### Working data
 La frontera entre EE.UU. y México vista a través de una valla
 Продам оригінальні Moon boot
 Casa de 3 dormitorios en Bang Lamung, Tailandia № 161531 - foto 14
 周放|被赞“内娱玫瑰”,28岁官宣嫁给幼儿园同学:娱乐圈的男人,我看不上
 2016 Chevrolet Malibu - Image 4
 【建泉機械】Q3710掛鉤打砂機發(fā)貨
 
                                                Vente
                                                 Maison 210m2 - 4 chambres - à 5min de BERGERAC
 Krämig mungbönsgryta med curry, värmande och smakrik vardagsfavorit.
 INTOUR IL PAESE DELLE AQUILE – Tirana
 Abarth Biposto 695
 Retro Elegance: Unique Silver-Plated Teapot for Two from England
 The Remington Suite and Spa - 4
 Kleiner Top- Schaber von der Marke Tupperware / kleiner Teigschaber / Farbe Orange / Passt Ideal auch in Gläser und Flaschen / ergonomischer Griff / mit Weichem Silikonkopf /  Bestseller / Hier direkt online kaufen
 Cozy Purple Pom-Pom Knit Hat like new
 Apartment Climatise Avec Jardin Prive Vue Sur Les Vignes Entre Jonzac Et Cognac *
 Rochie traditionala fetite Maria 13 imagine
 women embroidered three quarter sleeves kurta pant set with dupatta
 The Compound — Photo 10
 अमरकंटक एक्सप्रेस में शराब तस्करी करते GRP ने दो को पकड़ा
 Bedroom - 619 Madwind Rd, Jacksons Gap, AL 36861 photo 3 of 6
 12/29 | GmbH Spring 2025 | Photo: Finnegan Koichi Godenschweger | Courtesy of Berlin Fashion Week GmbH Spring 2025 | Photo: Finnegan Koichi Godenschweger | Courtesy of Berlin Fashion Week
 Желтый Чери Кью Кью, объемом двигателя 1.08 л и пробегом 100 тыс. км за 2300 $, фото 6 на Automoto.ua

### Instructions to follow
Repeat every record above precisely.

### Expected output
 La frontera entre EE.UU. y México vista a través de una valla
 Продам оригінальні Moon boot
 Casa de 3 dormitorios en Bang Lamung, Tailandia № 161531 - foto 14
 周放|被赞“内娱玫瑰”,28岁官宣嫁给幼儿园同学:娱乐圈的男人,我看不上
 2016 Chevrolet Malibu - Image 4
 【建泉機械】Q3710掛鉤打砂機發(fā)貨
 
                                                Vente
                                                 Maison 210m2 - 4 chambres - à 5min de BERGERAC
 Krämig mungbönsgryta med curry, värmande och smakrik vardagsfavorit.
 INTOUR IL PAESE DELLE AQUILE – Tirana
 Abarth Biposto 695
 Retro Elegance: Unique Silver-Plated Teapot for Two from England
 The Remington Suite and Spa - 4
 Kleiner Top- Schaber von der Marke Tupperware / kleiner Teigschaber / Farbe Orange / Passt Ideal auch in Gläser und Flaschen / ergonomischer Griff / mit Weichem Silikonkopf /  Bestseller / Hier direkt online kaufen
 Cozy Purple Pom-Pom Knit Hat like new
 Apartment Climatise Avec Jardin Prive Vue Sur Les Vignes Entre Jonzac Et Cognac *
 Rochie traditionala fetite Maria 13 imagine
 women embroidered three quarter sleeves kurta pant set with dupatta
 The Compound — Photo 10
 अमरकंटक एक्सप्रेस में शराब तस्करी करते GRP ने दो को पकड़ा
 Bedroom - 619 Madwind Rd, Jacksons Gap, AL 36861 photo 3 of 6
 12/29 | GmbH Spring 2025 | Photo: Finnegan Koichi Godenschweger | Courtesy of Berlin Fashion Week GmbH Spring 2025 | Photo: Finnegan Koichi Godenschweger | Courtesy of Berlin Fashion Week
 Желтый Чери Кью Кью, объемом двигателя 1.08 л и пробегом 100 тыс. км за 2300 $, фото 6 на Automoto.ua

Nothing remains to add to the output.